Esta semana, el periodismo ha vuelto a sufrir un terremoto con epicentro en las ediciones locales de El Mundo, como ya ocurriera hace unos meses con las de El País o el ABC. Un número considerable de despidos trata de apuntalar los cascotes de un negocio que se viene abajo mientras los empresarios que lo dirigen con mando a distancia delegan en directores jóvenes que aún no han decidido si es más rentable el carbón o la máquina de vapor. Las consecuencias son visibles. Los profesionales de más renombre se hacinan en redacciones centralizadas tratando de dar respuesta a un mundo cada vez más descentralizado. Y la calle, la gente, las paredes que hablan, se vacían poco a poco entre un hedor de basuras y pantallas de móvil.
Desde hace años que anda el periodismo silbando el Thriller de Michael Jackson sin saber por qué. Y no se dará cuenta hasta que mire alrededor y perciba que todos están muertos y bailando al son que les tocan. Han confundido los titulares con balances de cuentas y no hay nadie que les haga escuchar que el periodismo no se hace con dinero, sino con tiempo. No es nada nuevo.
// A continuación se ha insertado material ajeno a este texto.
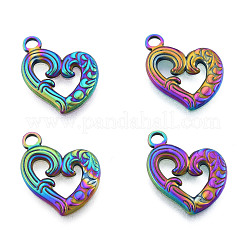 Ion Plating(IP) 201 Stainless Steel Pendants&nbsp;STAS-N098-222M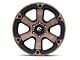 Fuel Wheels Beast Matte Black Machined with Dark Tint 6-Lug Wheel; 20x9; 1mm Offset (21-24 Yukon)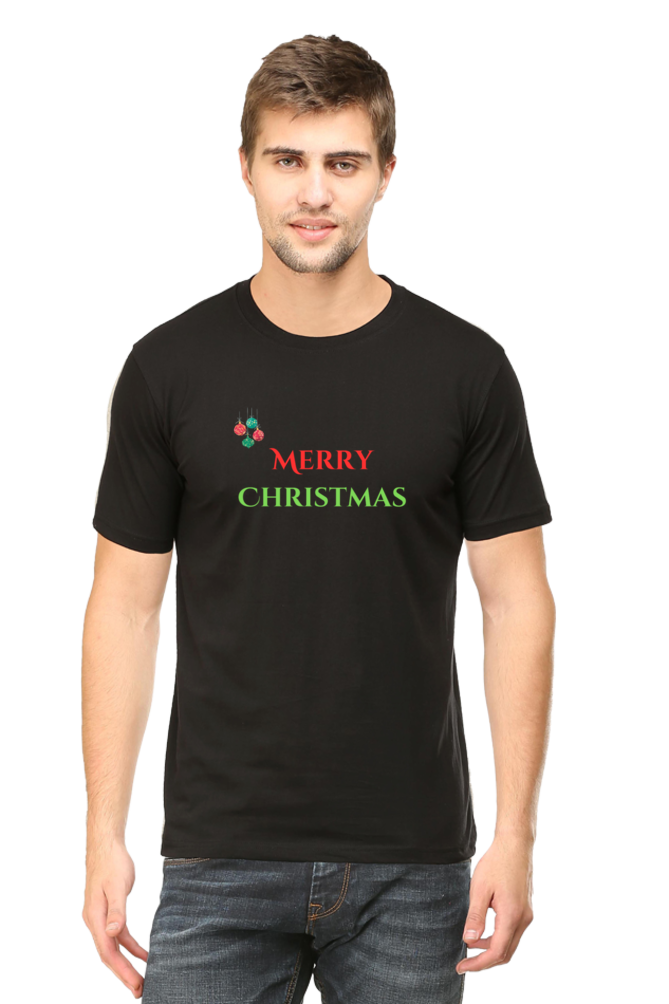 MERRY CHRISTMAS premium pure cotton T-shirt for men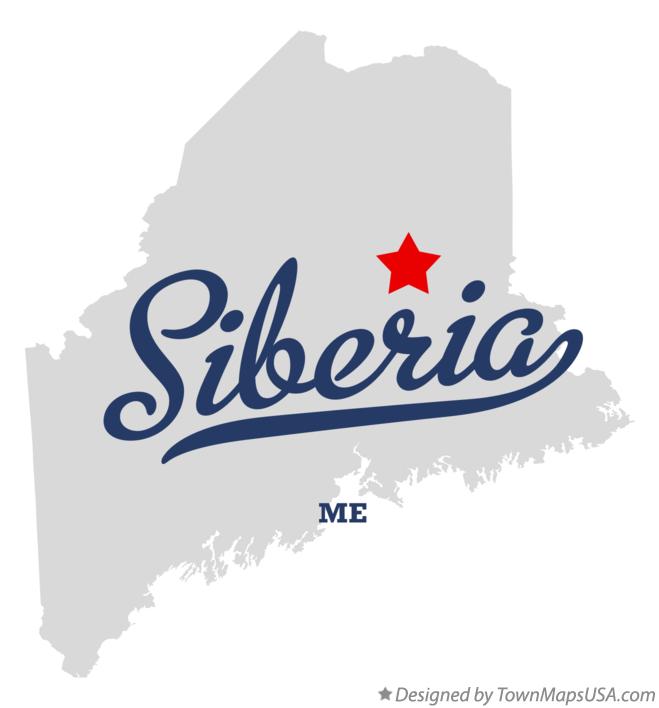 Map of Siberia Maine ME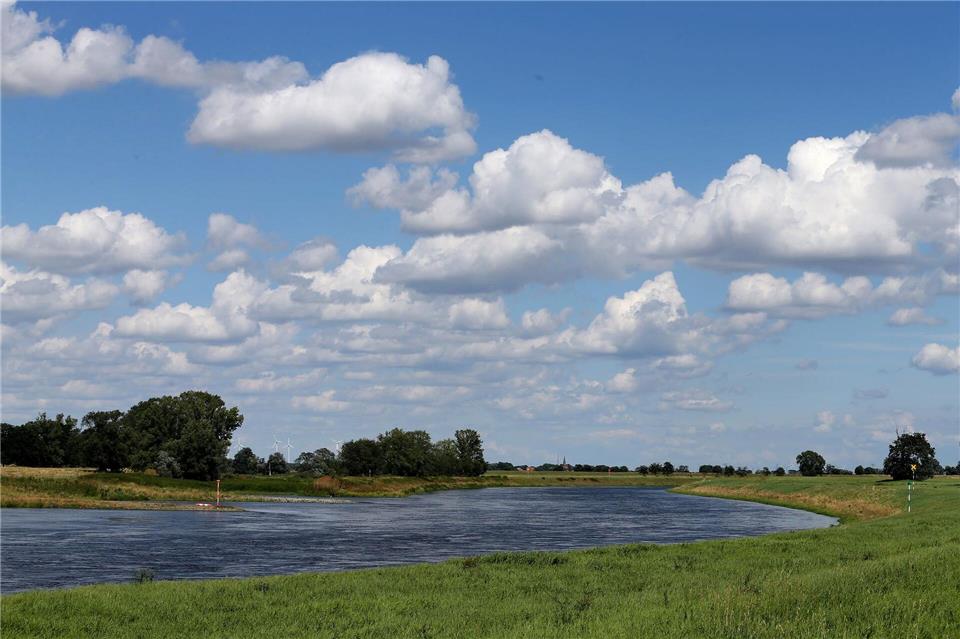 Der Hochwasserschutz für die Elbe in Nordsachsen soll durch die Maßnahmen verbessert werden. (Archivbild)picture alliance / dpa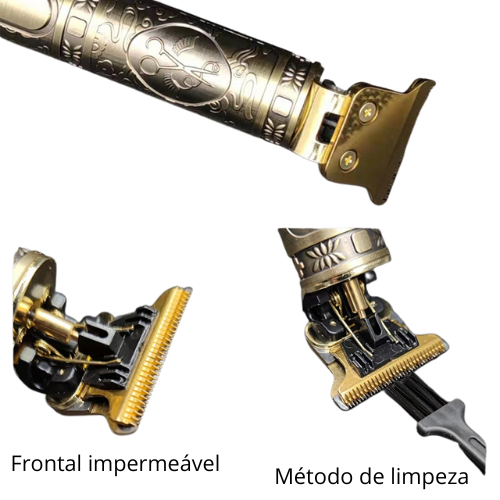 Máquina de cortar cabelo e barba masculina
Richard Brooks ya le escribió el mismo monólogo a Bogart en El cuarto poder, hace más de sesenta años. Tiempo para buscar, para encontrar, para escuchar, para contrastar, para contar, para ilustrar, para corregir y para publicar. Tiempo para leer. Tiempo para poder competir contra la prisa. Tiempo para poder llenar los huecos que deja la carrera por llegar antes a una historia llena de huecos. Y en el periodismo, el tiempo se traduce por redacciones bien pobladas de profesionales con más oídos que firma.
El periodismo boqueará mientras siga alimentando a quienes no leen periódicos ni escuchan radios ni siguen la actualidad por televisión, sino que creen que la vida se condensa en 140 caracteres. Frente a la urgencia de internet y las redes sociales, los que ya bucean entre noticias y sus herederos, que los habrá, necesitan que alguien dinamite la pirámide invertida y fisione el primer (y único) párrafo. Necesitan volver a la narrativa, a los datos y los hechos bien argumentados y sin incorrecciones gramaticales. Algo que no se consigue apartando a los periodistas de la calle, ni arrancando la confianza a los empleados para entregarla en una bandeja de plata a los anunciantes, ni bailando un vals con las instituciones a la luz de la luna, ni tratando de pagar el esfuerzo con cheques de comida. Para hacer periodismo no hacen falta magos, humoristas ni vedettes, sino gente que sepa contar historias.